According to the unaudited financial statements published by the companies, 14 life insurance firms posted a combined net profit of Rs 3.32 billion as of mid-January in the current fiscal year (FY 2025/26). During the same period of the previous fiscal year, the companies had earned Rs 3.48 billion in net profit. This reflects a decline of 4.80 percent year-on-year.

Out of the 14 companies, nine reported an increase in profit while five saw their earnings decline compared to the same period last fiscal year. Reliable Nepal Life Insurance recorded the highest profit of Rs 395.9 million during the review period, while Rastriya Jeevan Beema Company posted the lowest profit at Rs 3.9 million.

According to data from the Nepal Insurance Authority, life insurers collected total premiums worth Rs 94.37 billion as of mid-January in the current fiscal year, marking a 17 percent growth in business compared to the same period last year.

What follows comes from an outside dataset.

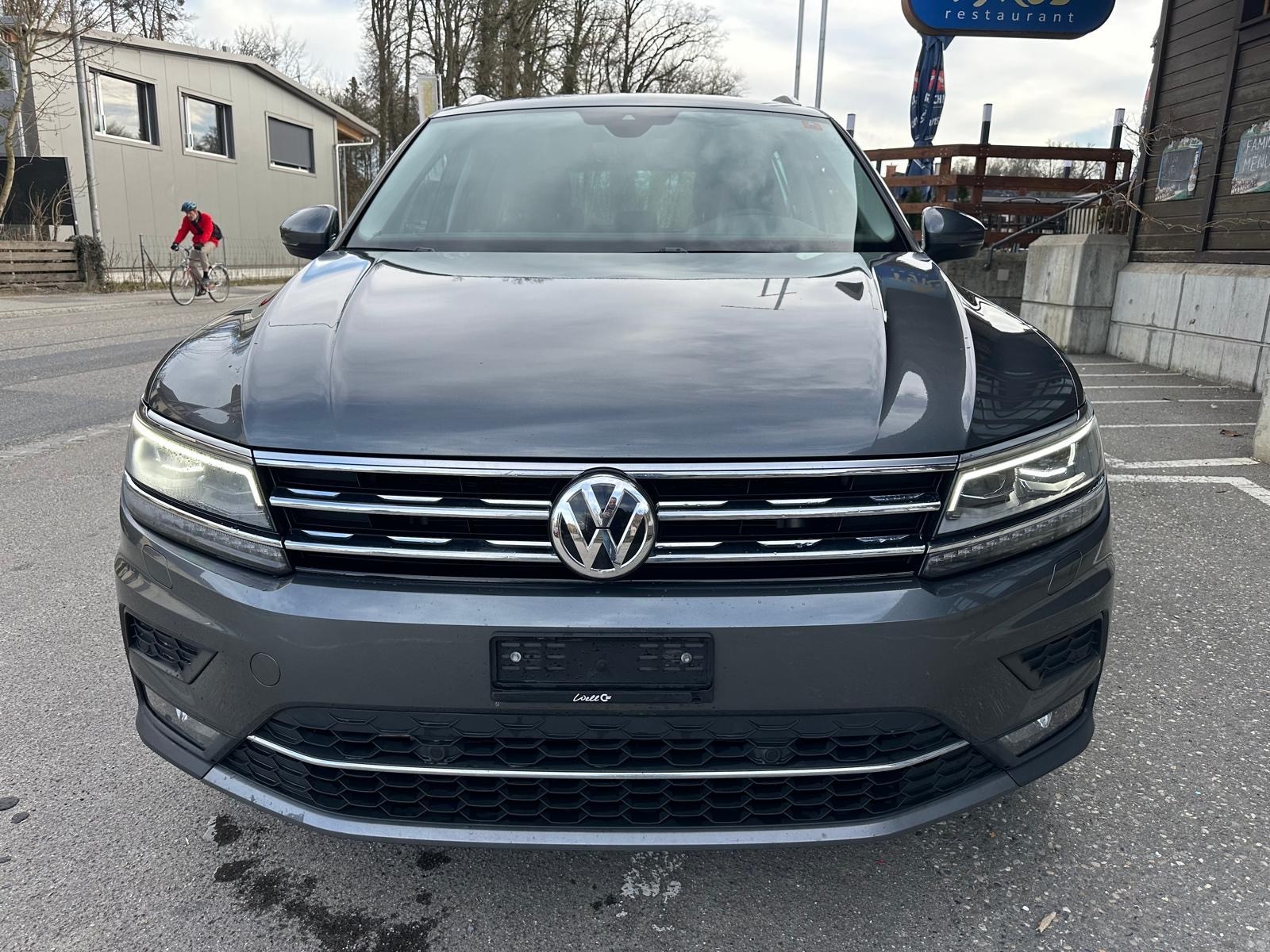 VW Tiguan 2.0TSI Highline 4Motion DSG-image-4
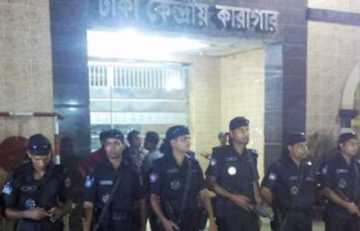 কারাগারে ঢুকেছে অ্যাম্বুলেন্স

Former President of the Life Insurers’ Association and Chief Executive Officer of Citizen Life Insurance, Poshak Raj Paudel, said that although business expansion remains normal, declining returns on investments have weighed on net profits.

“Most of the companies’ investments are placed in banks’ fixed deposits,” he said. “As interest rates continue to fall, their impact is directly reflected in the profitability of life insurance companies.”

According to the regulator, life insurance companies had total investments of Rs 829.50 billion as of mid-January, of which Rs 555.16 billion has been deposited in commercial banks and infrastructure development banks. Although the investment guidelines require insurers to invest at least 30 percent in this category, the current allocation accounts for 66.92 percent of their total investments.

Similarly, insurers have invested 5.55 percent of their total portfolio in development bank deposits and 0.77 percent in finance companies. The guidelines allow up to 15 percent investment in development banks and up to 7 percent in finance companies.

With excess liquidity building up in the financial system over the past two years, banks have been consistently lowering interest rates. According to Nepal Rastra Bank, the average deposit interest rate of commercial banks stood at 3.56 percent in mid-January 2026, down from 4.75 percent a year earlier. The average rates for development banks and finance companies stood at 4.06 percent and 5.17 percent respectively, compared to 5.56 percent and 6.66 percent in mid-January 2025.

Paudel said that while insurers have gradually begun diversifying their investments in line with regulatory provisions, they are still compelled to keep a significant portion in fixed deposits.

“Companies have started investing in productive sectors as permitted by the guidelines,” he said. “However, as these are relatively new areas, investment requires thorough risk assessment, which has compelled insurers to continue placing large sums in fixed deposits of banks.”